● **AVAILABLE DATA**:
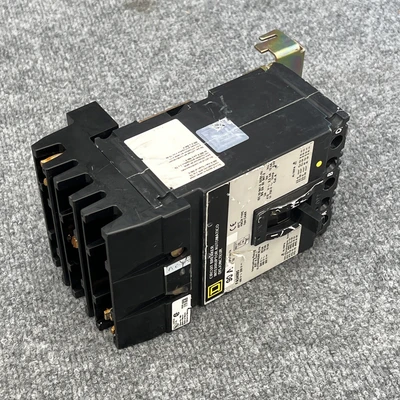 Used Load Controls 52524N Misc Industrial Equipment California US | Davliegogo LLC #1710402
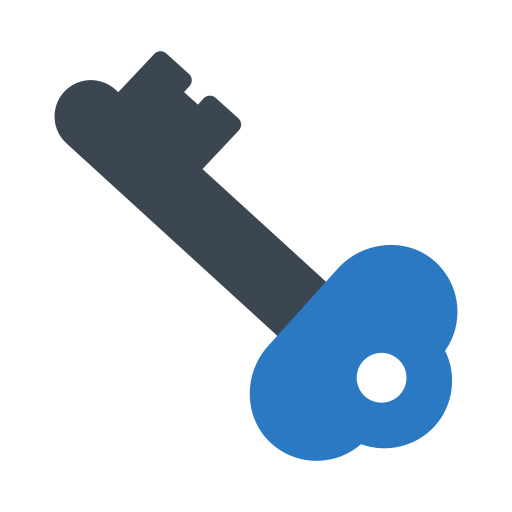 Smart key - Free miscellaneous icons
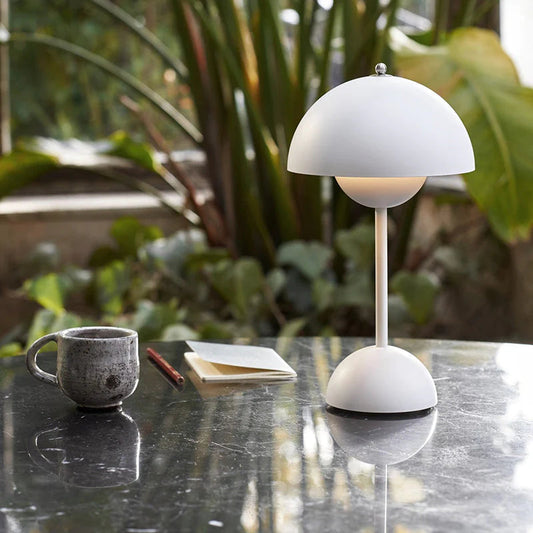 Dimmable LED Touch Table Lamp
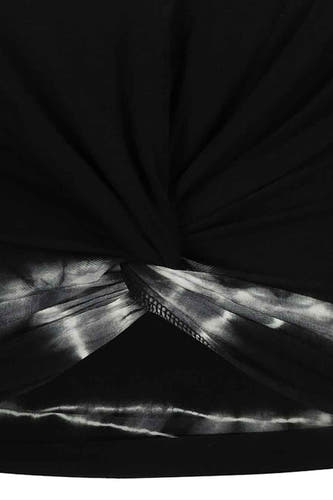T-shirt - noir
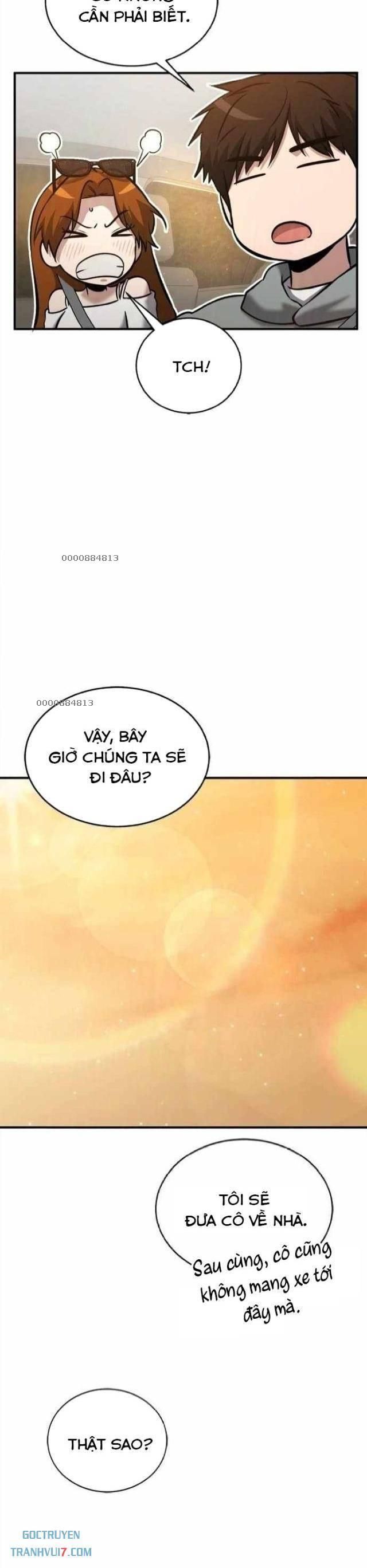 đọc truyện Một Anh Hùng Giỏi Mọi Thứ Chương 27 ảnh 9 tại Thiên Thai Truyện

● **WHAT YOU ARE ASKED TO DO**: In your transcription of the listing above, match each line exactly and include no pictures.

● **RESULT OF THE TASK**:
 Used Load Controls 52524N Misc Industrial Equipment California US | Davliegogo LLC #1710402
 Smart key - Free miscellaneous icons
 Dimmable LED Touch Table Lamp
T-shirt - noir
 đọc truyện Một Anh Hùng Giỏi Mọi Thứ Chương 27 ảnh 9 tại Thiên Thai Truyện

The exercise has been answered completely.